🤖 AI Summary
Existing 3D scene generation methods struggle to model logical dependencies and physical constraints among objects, resulting in scenes with limited dynamic adaptability and realism. To address this, we propose CausalStruct—the first framework to integrate causal reasoning into 3D scene generation. It leverages large language models to construct object-level causal graphs that explicitly encode semantic dependencies and spatial constraints; combines causal intervention with a PID controller for controllable layout optimization; and employs 3D Gaussian Splatting coupled with Score Distillation Sampling for high-fidelity rendering. Experiments demonstrate that CausalStruct significantly outperforms state-of-the-art methods in logical consistency, physical plausibility, and controllability under text- or image-based guidance. The framework enables interpretable, editable, and photorealistic 3D scene generation while preserving structural coherence and physical validity.
📝 Abstract
Existing 3D scene generation methods often struggle to model the complex logical dependencies and physical constraints between objects, limiting their ability to adapt to dynamic and realistic environments. We propose CausalStruct, a novel framework that embeds causal reasoning into 3D scene generation.
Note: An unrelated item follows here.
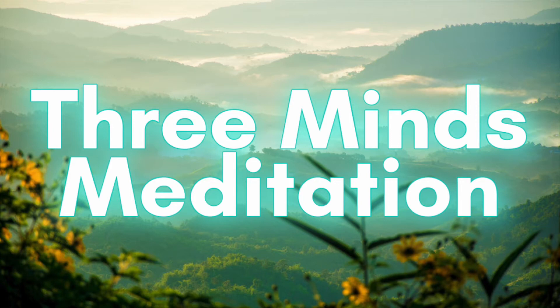By connecting with our inner intelligence, instinct and intuition, and sensing our various needs, we may more fully provide for ourselves and let our internal wisdom be guides and teachers.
Utilizing large language models (LLMs), We construct causal graphs where nodes represent objects and attributes, while edges encode causal dependencies and physical constraints. CausalStruct iteratively refines the scene layout by enforcing causal order to determine the placement order of objects and applies causal intervention to adjust the spatial configuration according to physics-driven constraints, ensuring consistency with textual descriptions and real-world dynamics. The refined scene causal graph informs subsequent optimization steps, employing a Proportional-Integral-Derivative(PID) controller to iteratively tune object scales and positions. Our method uses text or images to guide object placement and layout in 3D scenes, with 3D Gaussian Splatting and Score Distillation Sampling improving shape accuracy and rendering stability. Extensive experiments show that CausalStruct generates 3D scenes with enhanced logical coherence, realistic spatial interactions, and robust adaptability.